**GIVEN ENTRIES**

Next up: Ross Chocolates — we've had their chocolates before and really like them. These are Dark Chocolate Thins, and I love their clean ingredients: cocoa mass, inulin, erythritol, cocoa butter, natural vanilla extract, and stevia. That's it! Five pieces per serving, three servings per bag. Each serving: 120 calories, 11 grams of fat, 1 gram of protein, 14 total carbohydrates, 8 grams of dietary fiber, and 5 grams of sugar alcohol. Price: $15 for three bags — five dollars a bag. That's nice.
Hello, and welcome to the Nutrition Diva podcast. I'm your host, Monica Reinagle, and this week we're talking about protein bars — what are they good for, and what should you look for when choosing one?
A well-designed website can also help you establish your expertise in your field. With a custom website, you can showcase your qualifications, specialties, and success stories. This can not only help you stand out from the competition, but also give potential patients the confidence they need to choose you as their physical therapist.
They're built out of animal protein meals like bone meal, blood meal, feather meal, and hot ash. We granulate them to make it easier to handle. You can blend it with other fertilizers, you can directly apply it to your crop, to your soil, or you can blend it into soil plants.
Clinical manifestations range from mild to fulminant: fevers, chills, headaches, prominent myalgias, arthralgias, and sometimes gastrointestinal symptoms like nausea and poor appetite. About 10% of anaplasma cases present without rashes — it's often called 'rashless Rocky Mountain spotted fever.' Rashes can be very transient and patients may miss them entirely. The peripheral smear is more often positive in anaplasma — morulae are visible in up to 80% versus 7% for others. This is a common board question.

...

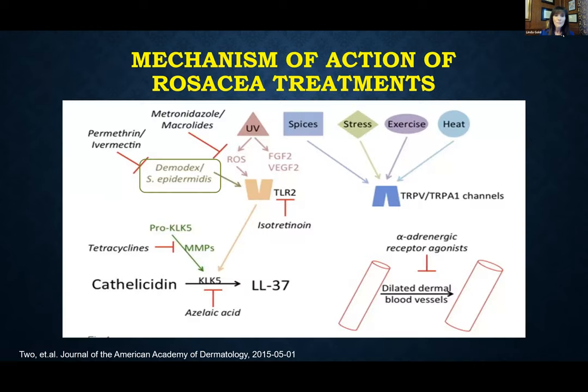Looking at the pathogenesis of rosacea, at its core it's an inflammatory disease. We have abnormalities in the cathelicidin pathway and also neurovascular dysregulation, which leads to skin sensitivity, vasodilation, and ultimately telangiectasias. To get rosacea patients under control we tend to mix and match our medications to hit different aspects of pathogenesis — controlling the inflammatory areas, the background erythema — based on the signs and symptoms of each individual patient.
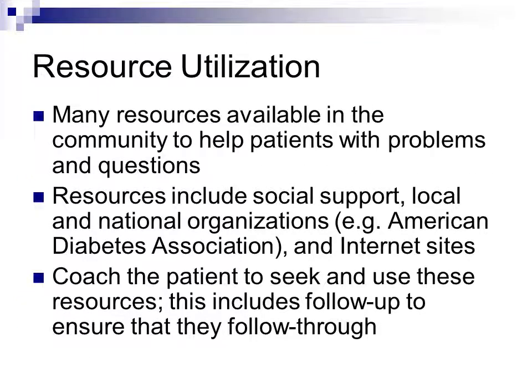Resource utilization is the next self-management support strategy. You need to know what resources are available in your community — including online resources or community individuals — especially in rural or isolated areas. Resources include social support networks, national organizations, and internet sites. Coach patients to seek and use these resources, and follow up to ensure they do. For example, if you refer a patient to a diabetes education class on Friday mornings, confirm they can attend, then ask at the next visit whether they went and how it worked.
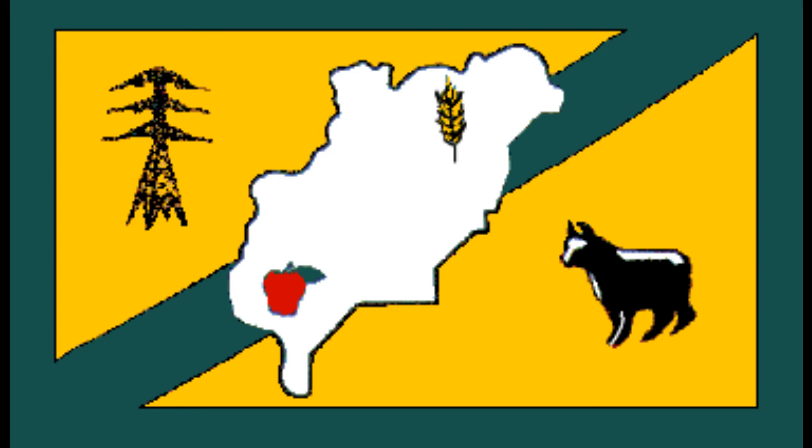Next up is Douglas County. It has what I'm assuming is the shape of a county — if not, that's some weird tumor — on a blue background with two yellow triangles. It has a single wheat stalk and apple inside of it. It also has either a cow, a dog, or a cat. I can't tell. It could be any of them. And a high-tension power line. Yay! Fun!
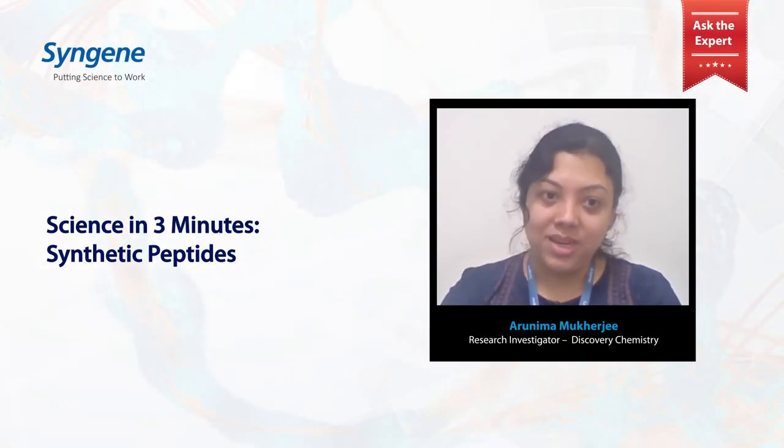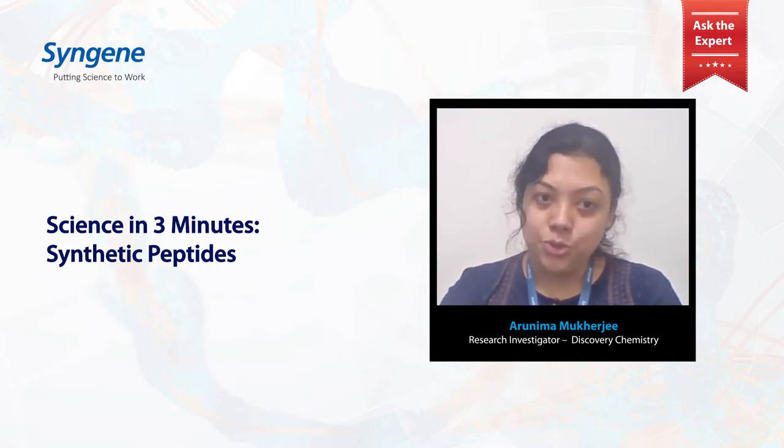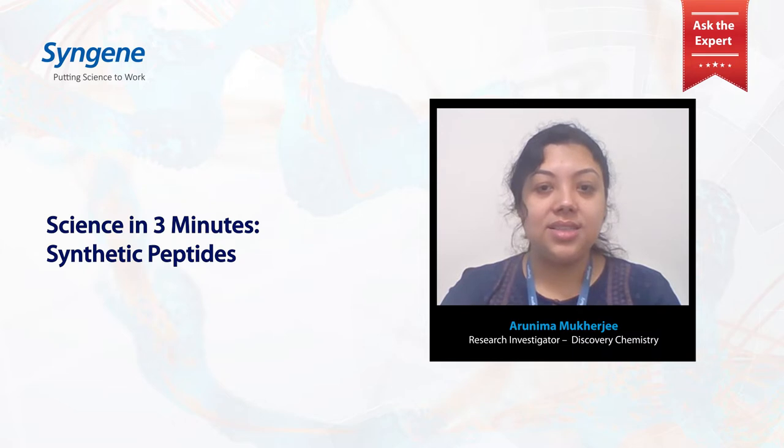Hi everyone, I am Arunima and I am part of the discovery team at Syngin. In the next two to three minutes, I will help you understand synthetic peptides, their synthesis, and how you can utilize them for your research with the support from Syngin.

**YOUR TASK**
From the line containing "They're built out" down to the line containing "Clinical manifestations range" in the material above, reproduce every line exactly, including the two end lines.

**RESPONSE**
They're built out of animal protein meals like bone meal, blood meal, feather meal, and hot ash. We granulate them to make it easier to handle. You can blend it with other fertilizers, you can directly apply it to your crop, to your soil, or you can blend it into soil plants.
Clinical manifestations range from mild to fulminant: fevers, chills, headaches, prominent myalgias, arthralgias, and sometimes gastrointestinal symptoms like nausea and poor appetite. About 10% of anaplasma cases present without rashes — it's often called 'rashless Rocky Mountain spotted fever.' Rashes can be very transient and patients may miss them entirely. The peripheral smear is more often positive in anaplasma — morulae are visible in up to 80% versus 7% for others. This is a common board question.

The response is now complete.